I had meant to bring this to your attention earlier, but the article fell to the bottom of the briefcase for a while. In the wake of the Burmese government's lamentable (non) response to the cyclone a couple of months ago, Madeleine Albright (or Halfbright, as we used to call her when she was SecState) did an oped for the NYT lamenting what the headline writer rather apocalyptically, or at least exaggeratedly, titled "The End of Intervention." She argued that the inability of outside governments to do much to prod the Burmese junta to be compassionate (or at least minimally responsible) suggested that the era of "humanitarian" intervention, or perhaps any kind of overseas intervention, is over, at least for a while.
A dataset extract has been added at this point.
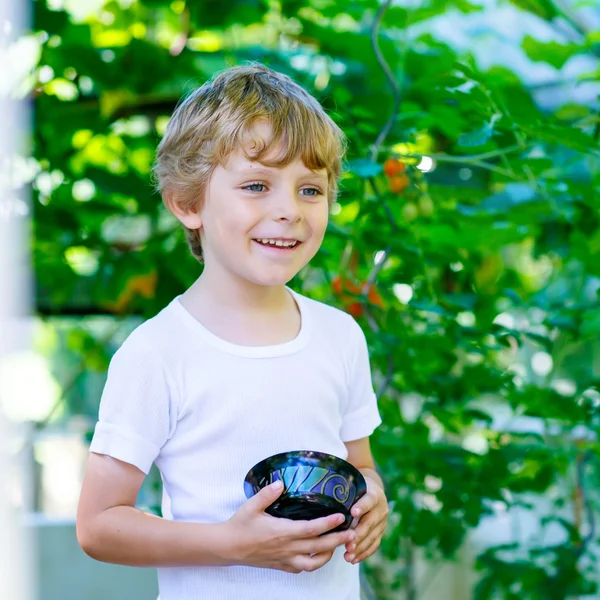 Liten unge pojke plocka tomater i växthus — Stockfoto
Writing in sorrow, and perhaps a little anger, she writes that "many of the world's necessary interventions in the decade before the invasion [of Iraq] -- in places like Haiti and Bosnia and the Balkans -- would seem impossible in today's climate." She blames Bush's Iraq misadventure.
"At the heart of the debate," Ms. Albright writes, "is the question of what the international system is. Is it just a collection of legal nuts and bolts cobbled together by governments to protect governments? Or is it a living framework of rules intended to make the world a more humane place?" What she derides as "nuts and bolts" is what others might call the rule of law -- a set of predictable principles and rules that lay out what kinds of actions are permissible and what are discouraged. I think the nation-state system will fade away in time, hopefully replaced by simultaneously more localized and globalized (through trade) centers of authority (eventually to the level of the "sovereign individual"?). So long as it exists, however, respect for national sovereignty will ultimately yield more humane results than promiscuous intervention, even in good causes as determined by politicians with more ambition than judgment.
What Ms. Albright laments is worth celebrating. If one of the results of the Iraq war is a marked distaste among Americans for interventionism for at least a considerable time, I might be forced to admit that one good thing came of Bush's Folly after all.